RECORDS SUPPLIED:
....

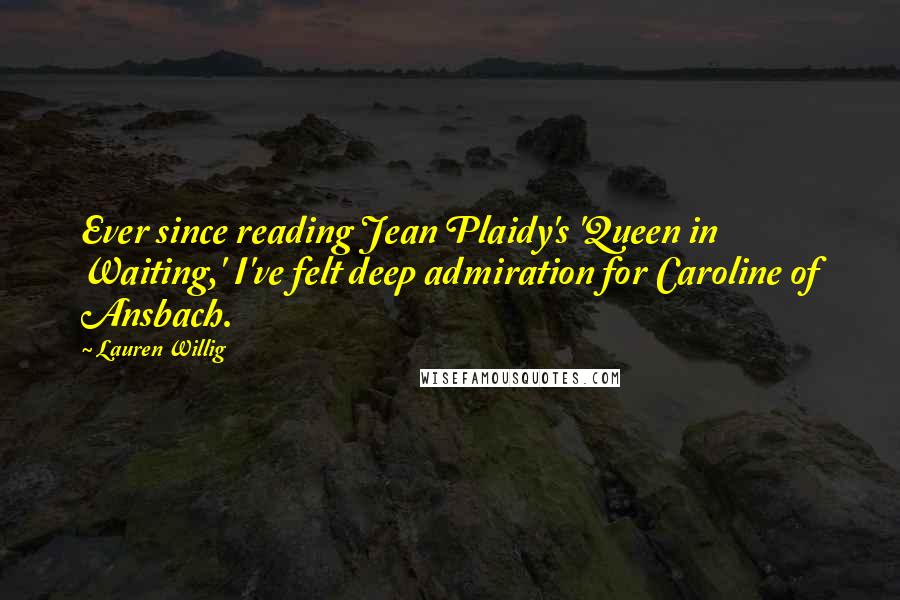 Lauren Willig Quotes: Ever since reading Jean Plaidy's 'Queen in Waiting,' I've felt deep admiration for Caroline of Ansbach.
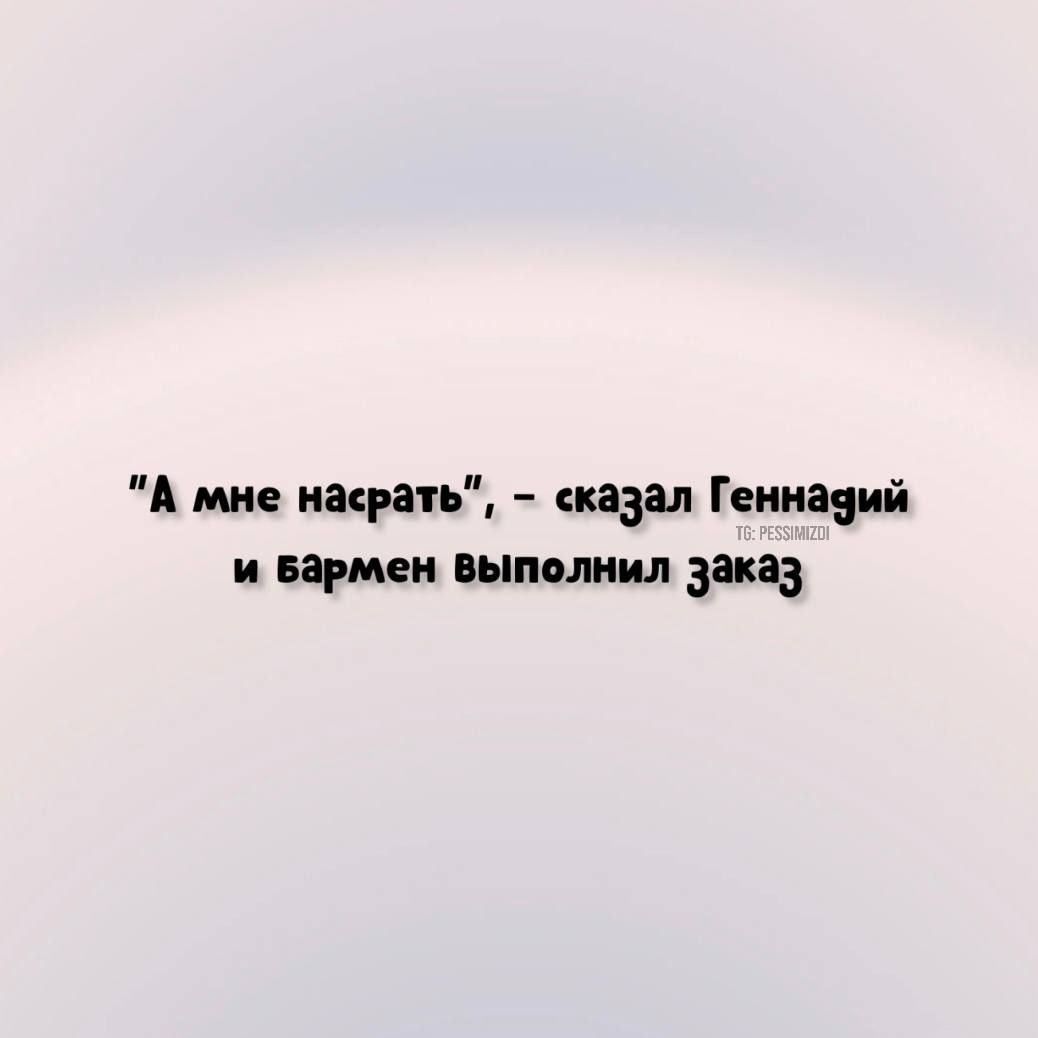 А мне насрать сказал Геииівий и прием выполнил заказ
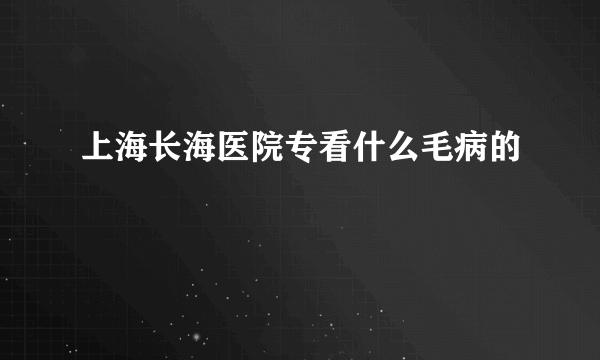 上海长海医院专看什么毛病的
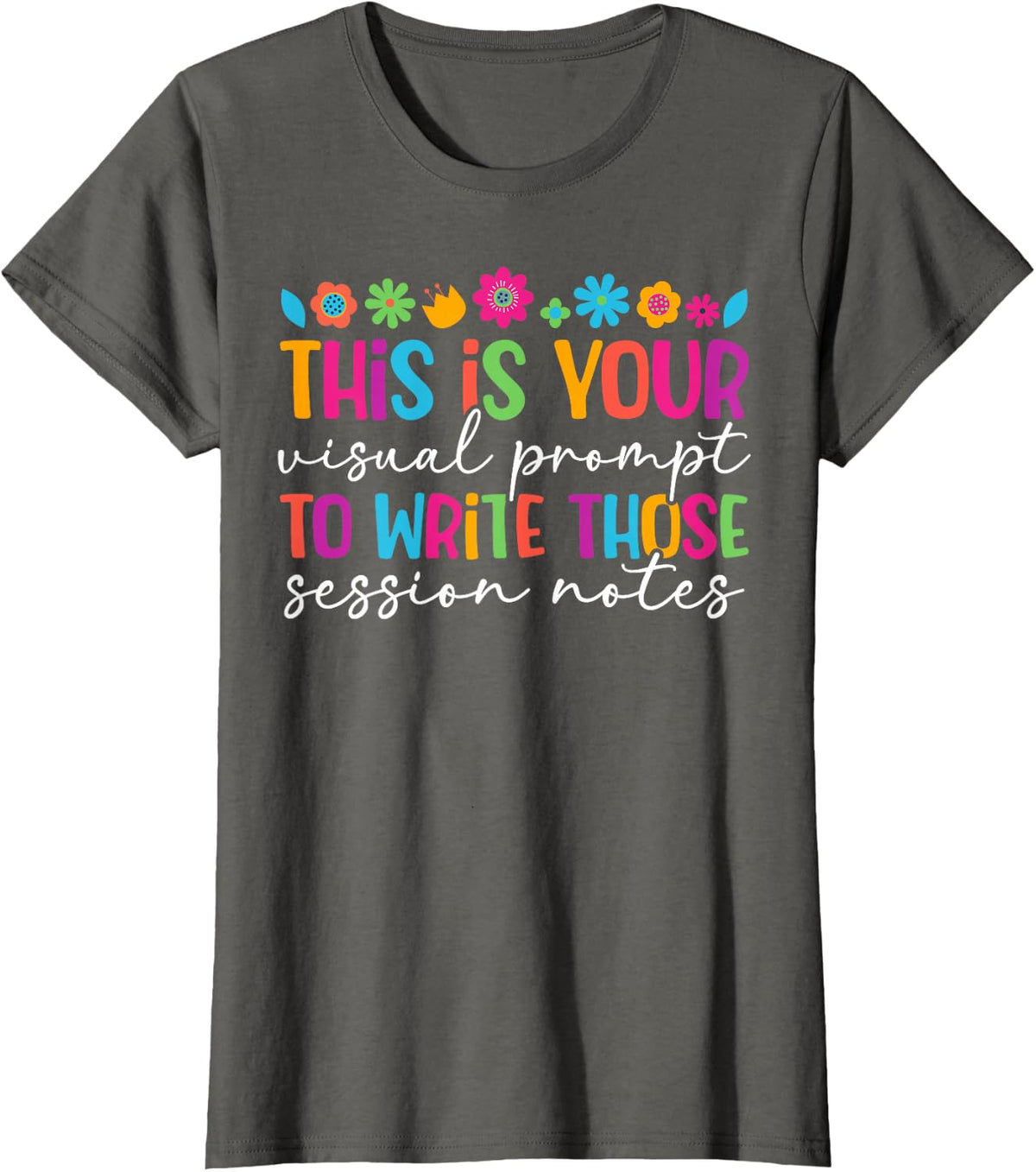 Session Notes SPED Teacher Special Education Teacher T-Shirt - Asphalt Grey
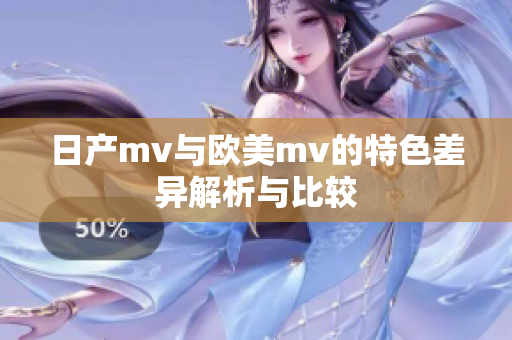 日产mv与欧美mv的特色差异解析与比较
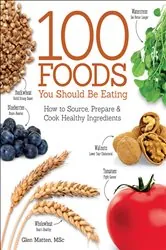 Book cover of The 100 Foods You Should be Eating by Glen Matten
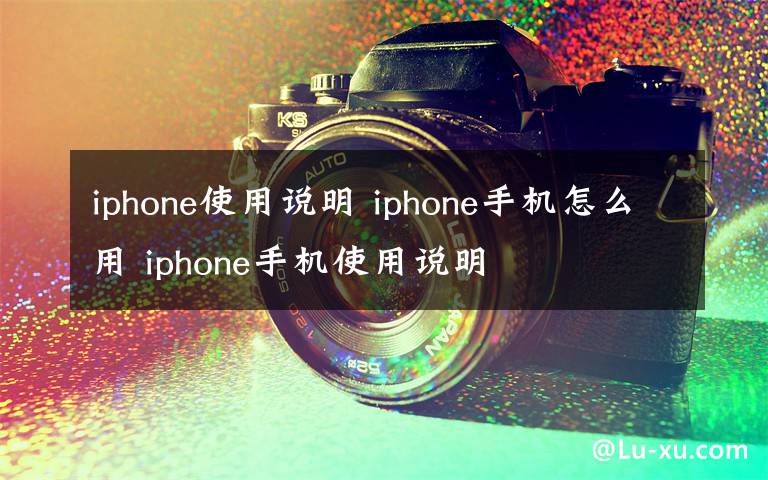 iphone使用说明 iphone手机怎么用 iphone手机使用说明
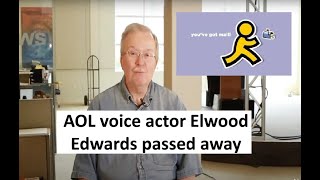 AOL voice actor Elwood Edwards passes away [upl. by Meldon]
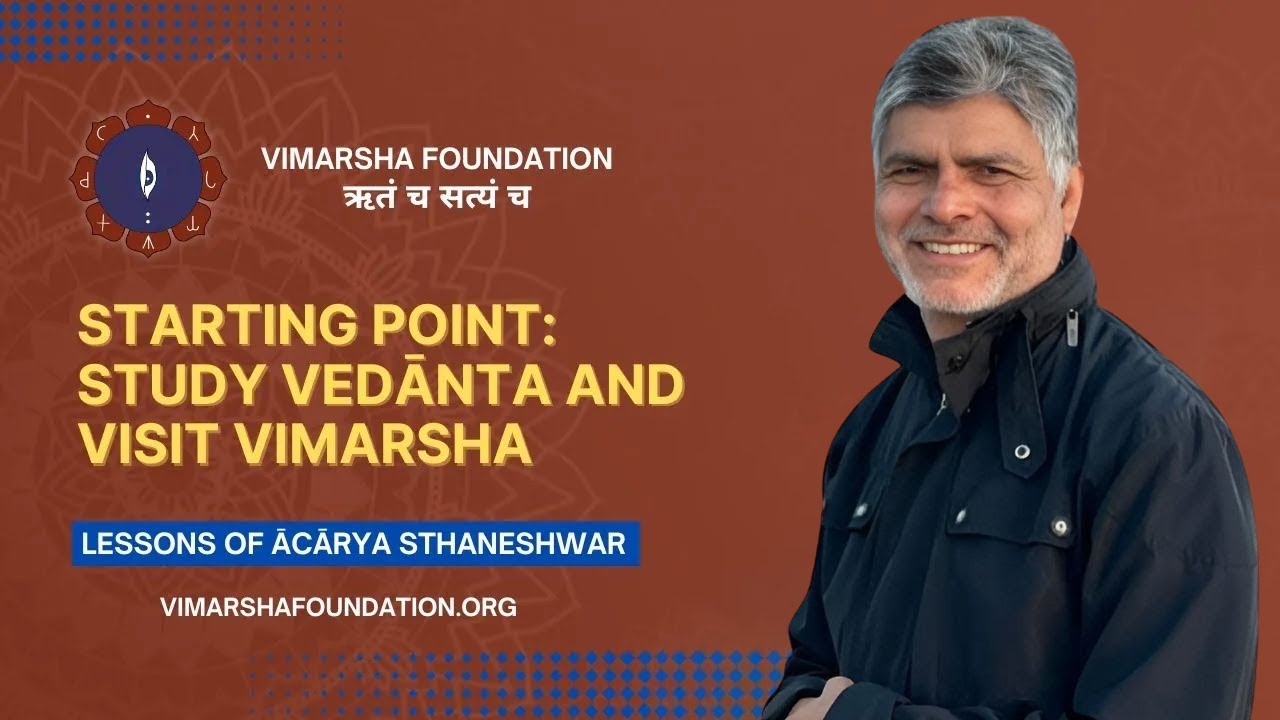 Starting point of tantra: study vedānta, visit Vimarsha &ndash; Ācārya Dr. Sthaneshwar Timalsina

....

ASSIGNMENT: A verbatim reproduction is expected: starting at the line above that has "日产mv与欧美mv的特色差异解析与比较", ending at the line that has "AOL voice actor", both included, and with no pictures and no other lines.

SOLUTION TO THIS TASK:
 日产mv与欧美mv的特色差异解析与比较
 Book cover of The 100 Foods You Should be Eating by Glen Matten
 iphone使用说明 iphone手机怎么用 iphone手机使用说明
 AOL voice actor Elwood Edwards passes away [upl. by Meldon]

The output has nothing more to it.